Demoskopie vor neuem Wahlkrimi

Enges Rennen bis zum Schluss _ Mit dem „TV-Triell“ im WDR haben Annalena Baerbock, Armin Laschet und Olaf Scholz sich erstmals im direkten Schlagabtausch warmgelaufen für den Wahlkampf. Viel Druck war freilich noch nicht im Kessel vier Monate vor der Bundestagswahl und der Entscheidung, wer Angela Merkel ins Kanzleramt folgt.
Auch für die Demoskopen hat die heiße Phase ihrer Arbeit noch nicht begonnen. Dass es bis zum Schluss viel Veränderung in den Umfragen geben könnte, bestätigte ZDF-Chef-Wahlforscher Matthias Jung (Forschungsgruppe Wahlen) kürzlich im Energiegespräch der Darmstädter Entega. Aussagen über den Wahlausgang am 26.9. hatte der Experte beim Energieversorger denn auch nicht im Gepäck. Dafür aber Einblicke, warum diese Bundestagswahlen auch für die Wahlforschung eine Herausforderung werden.

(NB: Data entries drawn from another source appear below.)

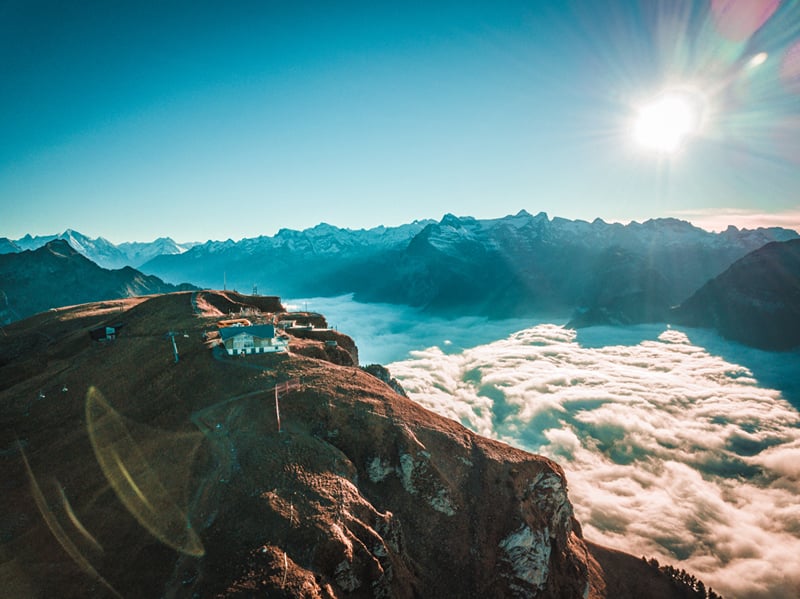 O Fronalpstock acima de um mar de nuvens, com os Alpes ao fundo.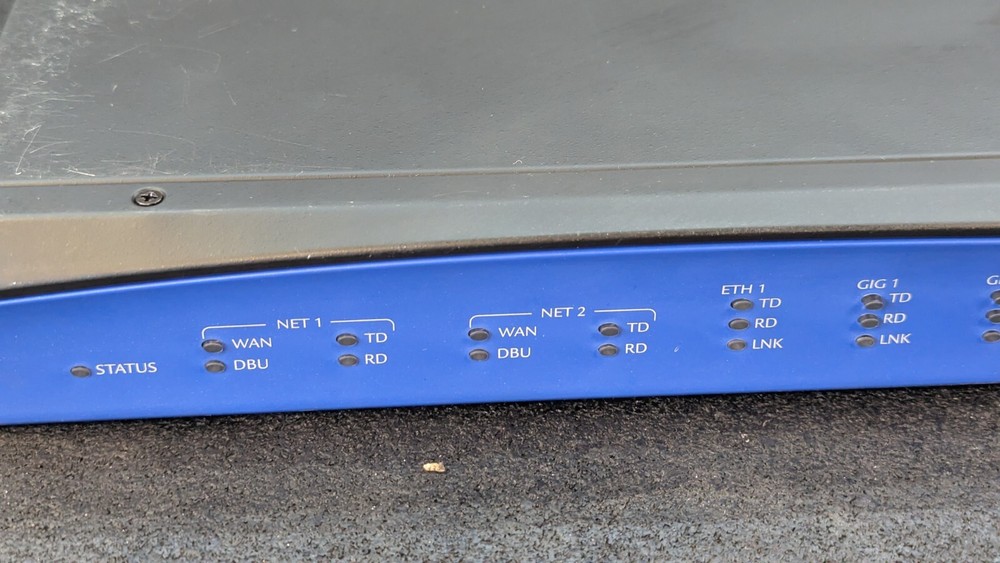 Adtran Netvanta 4430 1700630E1 - Powers On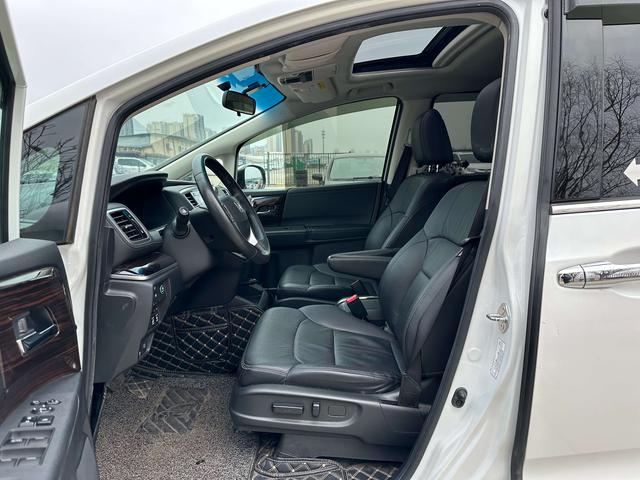 Honda ODYSSEY 2018 صورة سيارة #9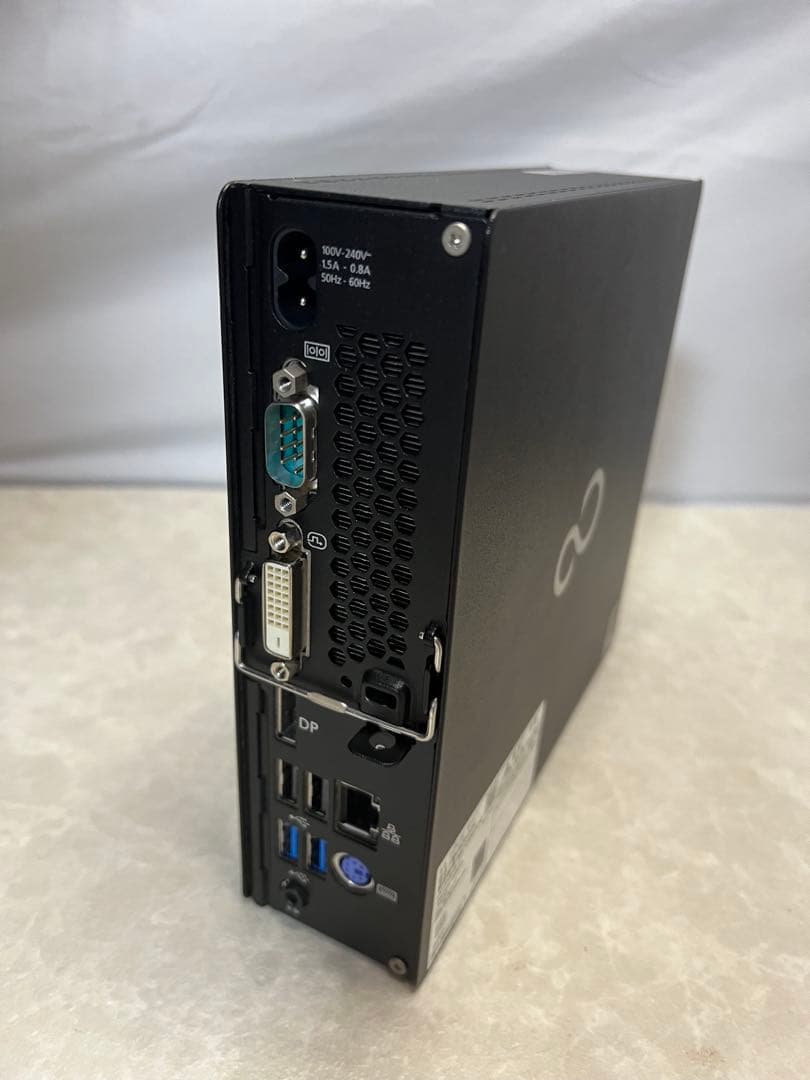 富士通 ウルトラスモールPC ESPRIMO Q556/P 04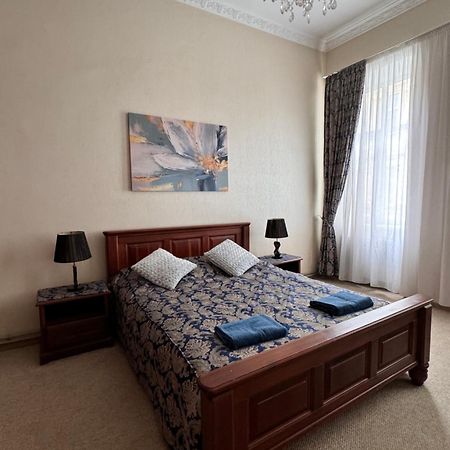 Apartamenty Kulisha 25 リヴィウ エクステリア 写真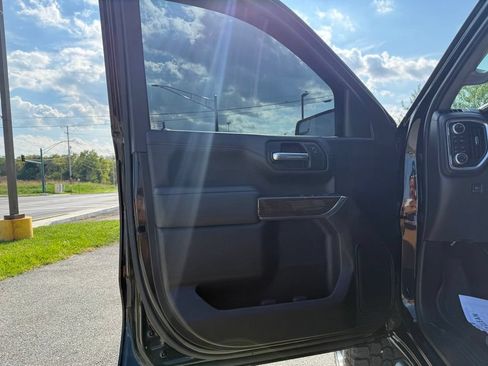 Used 2022 GMC Sierra 1500 Elevation w/ LPO, Elevation Black Package AWD/4WD image 23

Da wäre zunächst das Novum, dass die Amtsinhaberin nicht zur Wiederwahl antritt (kein Amtsbonus). Dafür gibt es erstmals drei etwa gleich starke Anwärter von dem bislang keinem eine Mehrheit der Wähler den Kanzler-Job zutraut, wie Umfragen des Wahlforschers Anfang Mai ergaben. Erschwerend kommt lt. Jung hinzu, dass sich Union, SPD, Grüne und FDP strukturell seit 1990 stark Richtung Mitte ausrichten, das eröffne vielen Wählern mehr als eine Wahloption.
Im Politbarometer führen die Grünen (25%/-1%) aktuell noch knapp vor der Union (24/-1). Die SPD verharrt bei 14% (AfD/FDP je 11%, Linke 7%). Im jeweiligen Direktduell zur Kanzlerfrage behauptete sich dagegen SPD-Mann Scholz, während Baerbock weiter ggü. Laschet verlor. Auch bei der Beliebtheit lässt die zuletzt gehypte Grünen-Kandidatin Federn.
Für Jung sind Hypes nur bedingt belastbar. Auch die Duelle Scharping/Kohl (1994) und Schulz/Merkel (2017) prägte Aufwind der Herausforderer, am Ende reichte es nicht aus. Entscheidender für den Wahlausgang ist aus Sicht des Wahlexperten 1. wie der Sommer verläuft (Dürre, Unwetter, Corona-Störfeuer) und 2. die Themen im September. Um die Vorherrschaft wird dabei klar im Spannungsfeld von Ökonomie und Ökologie gerungen werden. Je nach Rahmen muss sich also die Union überlegen, wie viel Ökologie sie im Wahlkampf einbringen muss. Umgekehrt gilt es für die Grünen.